To upset the apple cart, Adelaide tells Agnes that Michel is fooling around on her, with a cheap prostitute no less, imagining herself in the part. Watching future astrologist Teissier fret about her husband's infidelity acquires a retro-active irony when one realizes the actress would eventually become the most heavily publicized mistress in France, to that country's president François Mitterrand ! Adelaide's behavior seems to suggest that she has designs on Michel herself and is indeed trying to drive a wedge between him and her sister. Truth is however that she has always decried Agnes's abandoning of both intellectual and economic self-sufficiency to the prison of marriage. Hey, they don't call it "wedlock" for nothing ! As she disapproved of their union, the intimacy shared by the sisters in their youth eventually turned to barely contained hatred.
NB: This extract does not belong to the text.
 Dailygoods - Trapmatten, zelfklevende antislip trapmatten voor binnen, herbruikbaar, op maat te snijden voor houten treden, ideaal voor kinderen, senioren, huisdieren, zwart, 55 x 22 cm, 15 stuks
A tricky progression over the film's two final climactic sex scenes - a threesome with Michel dividing his attentions between both siblings and a lesbian coupling that literally forces him out of the picture altogether - reveal that this hatred is very much directed inwards as Agnes and Adelaide are shown to be one and the same, a woman disgusted with how much of herself she has had to "sacrifice" in order to obtain wedded "bliss".
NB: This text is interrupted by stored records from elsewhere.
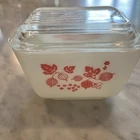 Vintage Pyrex Pink Gooseberry Refrigerator Dish With Lid #501  1 1/2 Cup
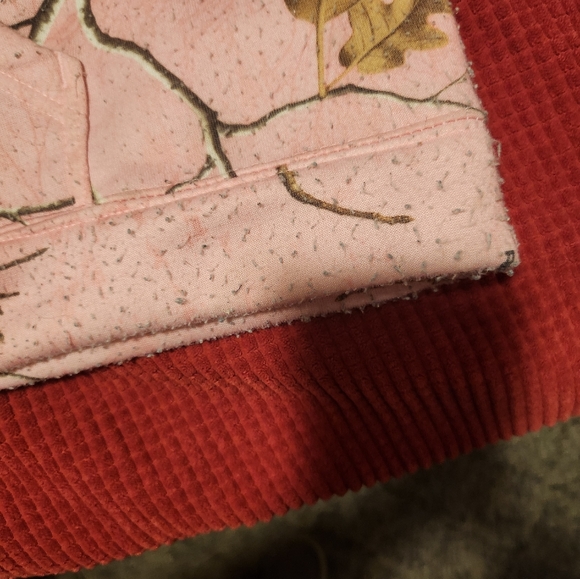 Realtree pink camo hoodie - Picture 6 of 8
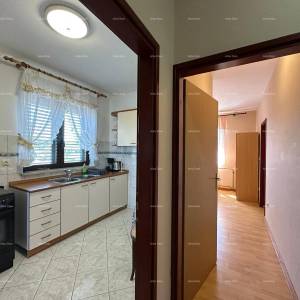 Prodajemo kuću sa pet apartmana na odličnoj lokaciji!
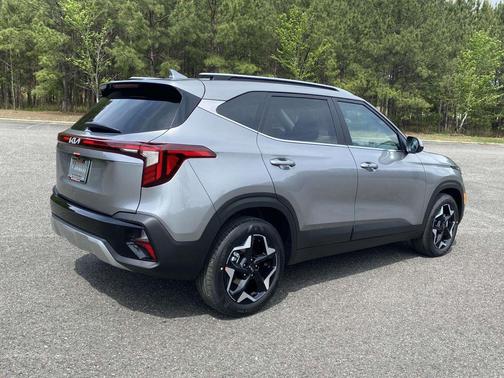 2025 Kia Seltos EX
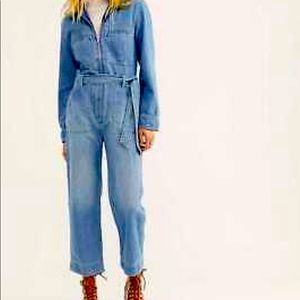 Worn once. Free People Denim straight leg coveralls. Excellent condition.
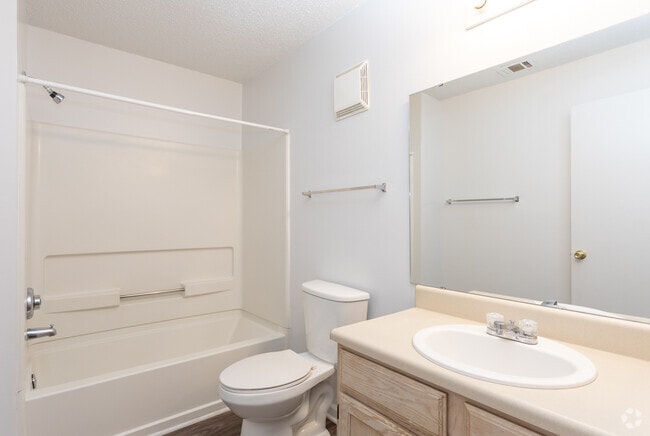 3BR, 2BA - 1018SF - Bathroom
The movie is at its strongest when this psychologically complex plot (typically told from the viewpoint of the "untrustworthy narrator") is related in comparatively straightforward fashion, basically over the course of the three sex scenes involving the central characters. The arrival of a British couple whose car broke down near the château only serves to dilute the dramatic intensity, leading to fantasy flashbacks to the Spanish Inquisition (huh ?) that feature Jess Franco muse Pamela Stanford among the abused peasant girls. It's a tribute to the strengths of the story and its three superlative interpreters that these extraneous segments ultimately cause no irreparable harm. The ravishing Reynaud has been mostly cast as weary women of the world but is absolutely riveting as quite the opposite here. Teissier also proves quite accomplished as she gradually dissolves into crippling insecurity when learning of Michel's alleged betrayal.
Likewise, the film's eroticism is at its most potent when it's most closely linked to the narrative. While not all that explicit, the sex comes across as extremely intense because of the dramatic repercussions it signals towards. Music is most sparingly employed with several long sequences (not just sexual ones) taking place in total silence and apparently uninterrupted takes. Another movie to use wintry isolation as a metaphor for its characters' feeble mental state, FRUSTRATION benefits tremendously from the exquisitely composed images conjured up by the underrated Georges Strouvé who shot several films for French outlaw film critic turned filmmaker Paul Vecchiali, including his fabulous foray into fornication CHANGE PAS DE MAIN from 1975, the final year when everything still seemed possible for the genre.